转换为连续的if语句的无分支

Question

I'm stuck there trying to figure out how to convert the last two "if" statements of the following code to a branchless state.

int u, x, y;
x = rand() % 100 - 50;
y = rand() % 100 - 50;

u = rand() % 4;
if ( y > x) u = 5;
if (-y > x) u = 4;

Or, in case the above turns out to be too difficult, you can consider them as:

if (x > 0) u = 5;
if (y > 0) u = 4;

I think that what gets me is the fact that those don't have an else catcher. If it was the case I could have probably adapted a variation of a branchless abs (or max / min ) function.

The rand() functions you see aren't part of the real code.

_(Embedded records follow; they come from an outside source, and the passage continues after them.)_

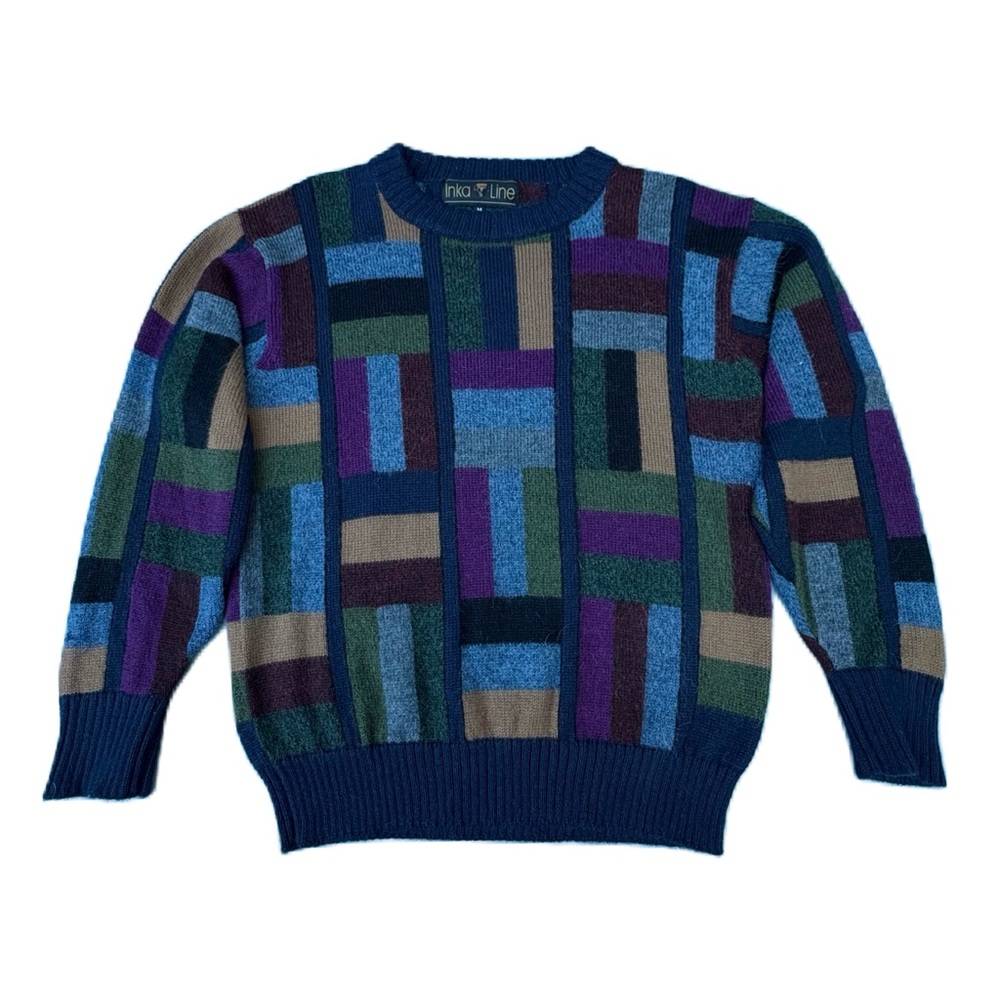 Inka Line Peruvian Alpaca Wool Geometric Crewneck Pullover Sweater Sweatshirt
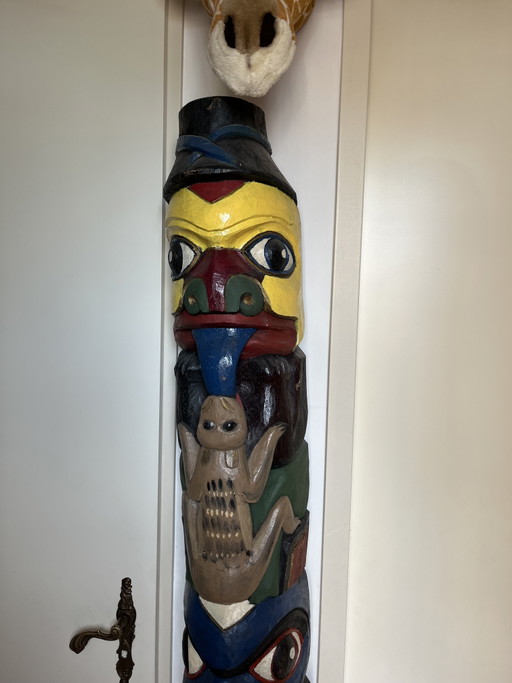 Wunderschöner Totempfahl, 200 x 27 cm, Holzkunstwerk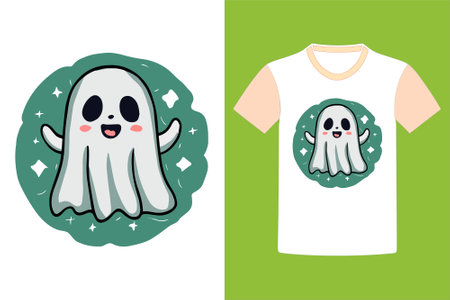Cute ghost and t-shirt design. Vector Illustration.のイラスト素材
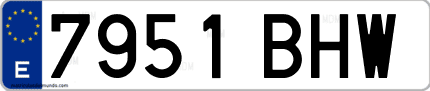 Ejemplo de matrícula de coche ordinaria 7951 BHW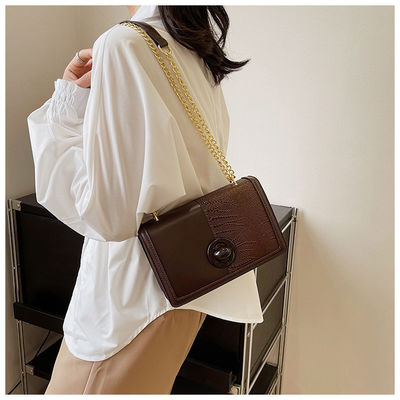 0.65kg de peso ligero PU poliéster Mano bolsas de cadena de diseño bolsos para un aspecto de moda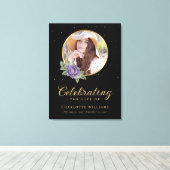 Black Paars Gold Floral - Welkomstteken Canvas Afdruk (Insitu (Houten vloer))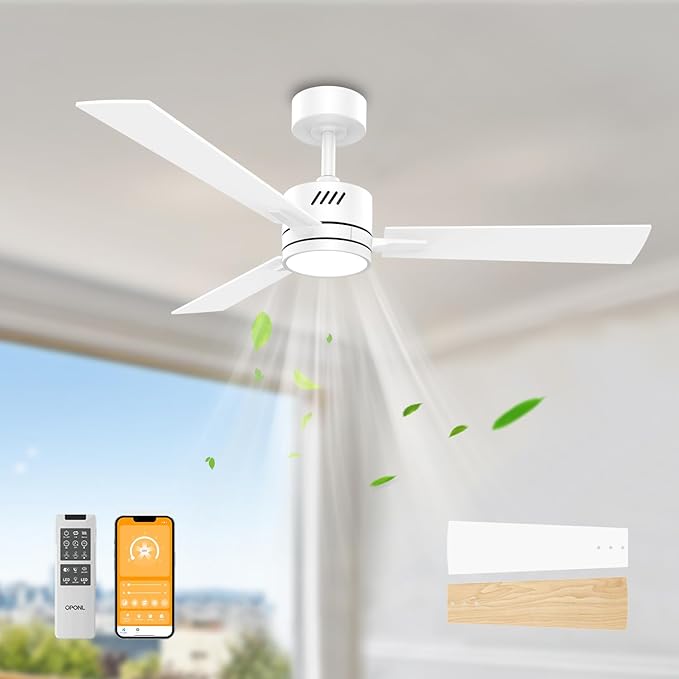42" White Ceiling Fan with Light, Remote Control, Downrod Mount, Noiseless, Reversible, 6CCT, Dimmable, 6 Speeds, Timeable, Ceiling Fan with Remote Control for Bedroom, indoor/outdoor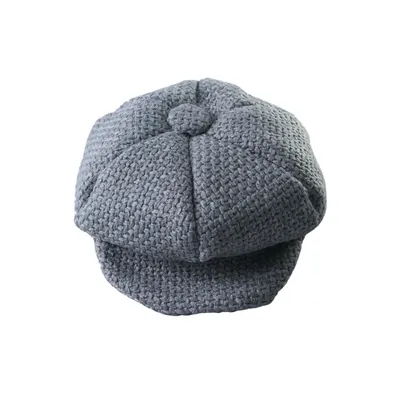 Grey knitted pet beret hat with short brim for cats and small dogs on a white background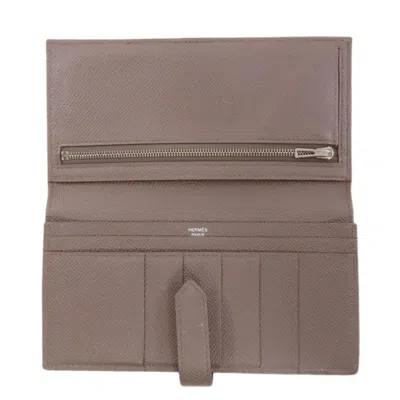 Pre-owned Hermes Etain Epsom Leather Wallet (bi-fold) () In Gray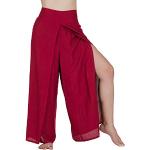 Pantalons taille haute saison été rouges à fleurs Taille XL plus size look fashion pour femme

I added them like this just to hint at the expected ranges that the variables x , y and u can possibly have at the time the two branches happen.

Assembly machine code is allowed for the purpose.

EDIT:

After a bit of braingrinding I managed to put together a working branchless version:

int u, x, y;
x = rand() % 100 - 50;
y = rand() % 100 - 50;

u = rand() % 4;
u += (4-u)*((unsigned int)(x+y) >> 31);
u += (5-u)*((unsigned int)(x-y) >> 31);

Unfortunately, due to the integer arithmetic involved, the original version with if statements turns out to be faster by a 30% range.

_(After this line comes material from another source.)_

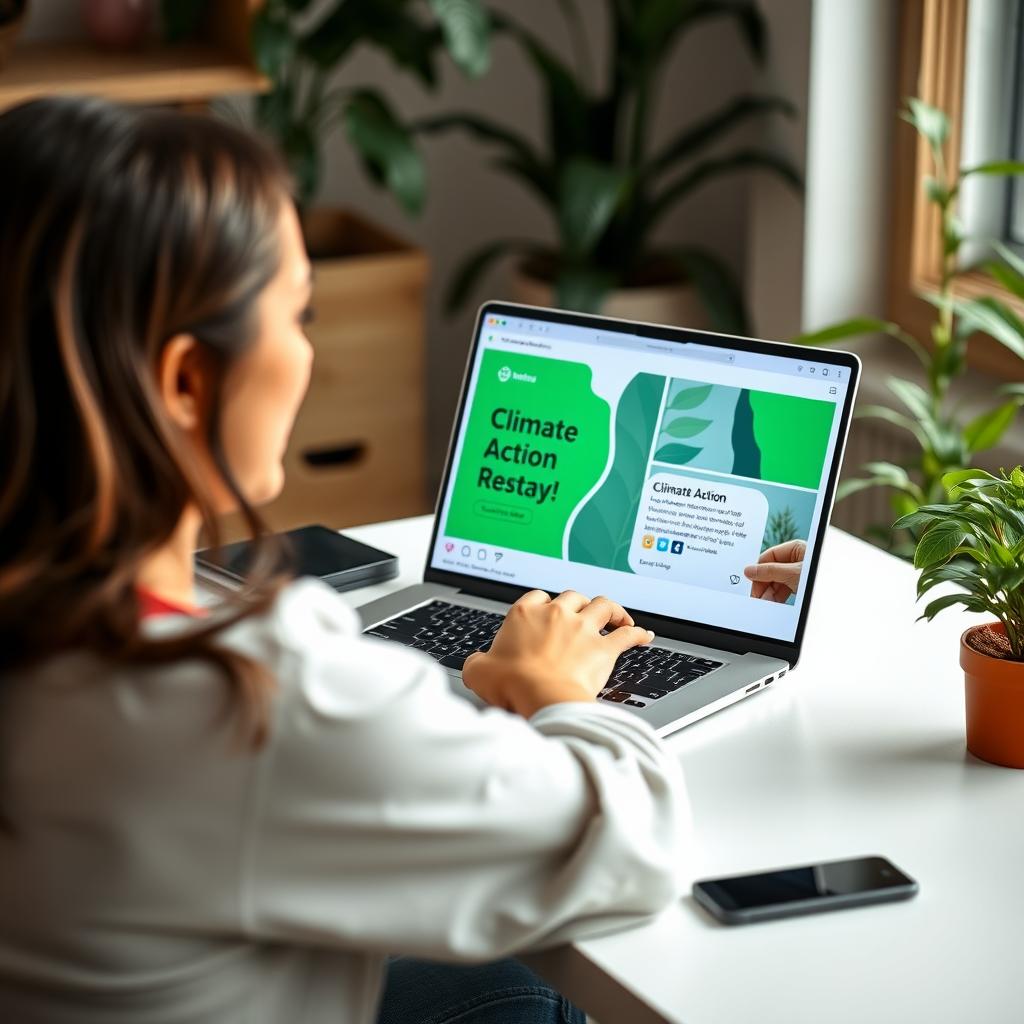 Young woman creating a social media post for an environmental campaign on her laptop.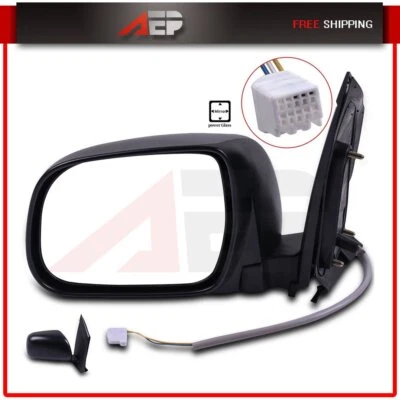 Driver Left Power Function Black Side View Mirror For 2004-2010 Toyota Sienna - Image 1 of 4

Compiler knows where the party is at.

Answer 1

[All: this answer was written with the assumption that the calls on rand() were part of the problem. I offer improvement below under that assumption. OP belatedly clarifies he only used rand to tell us ranges (and presumably distribution) of the values of x and y. Unclear if he meant for the value for u, too. Anyway, enjoy my improved answer to the problem he didn't really pose].

I think you'd be better off recoding this as:

int u, x, y;
x = rand() % 100 - 50;
y = rand() % 100 - 50;

if ( y > x) u = 5;
else if (-y > x) u = 4;
else u = rand() % 4;

This calls the last rand only 1/4 as often as OP's original code. Since I assume rand (and the divides) are much more expensive than compare-and-branch, this would be a significant savings.

If your rand generator produces a lot of truly random bits (eg 16) on each call as it should, you can call it just once (I've assumed rand is more expensive than divide, YMMV):

int u, x, y, t;
t = rand() ;
u = t % 4;
t = t >> 2;
x = t % 100 - 50;
y = ( t / 100 ) %100 - 50;

if ( y > x) u = 5;
else if (-y > x) u = 4;

I think that the rand function in the MS C library is not good enough for this if you want really random values. I had to code my own; turned out faster anyway.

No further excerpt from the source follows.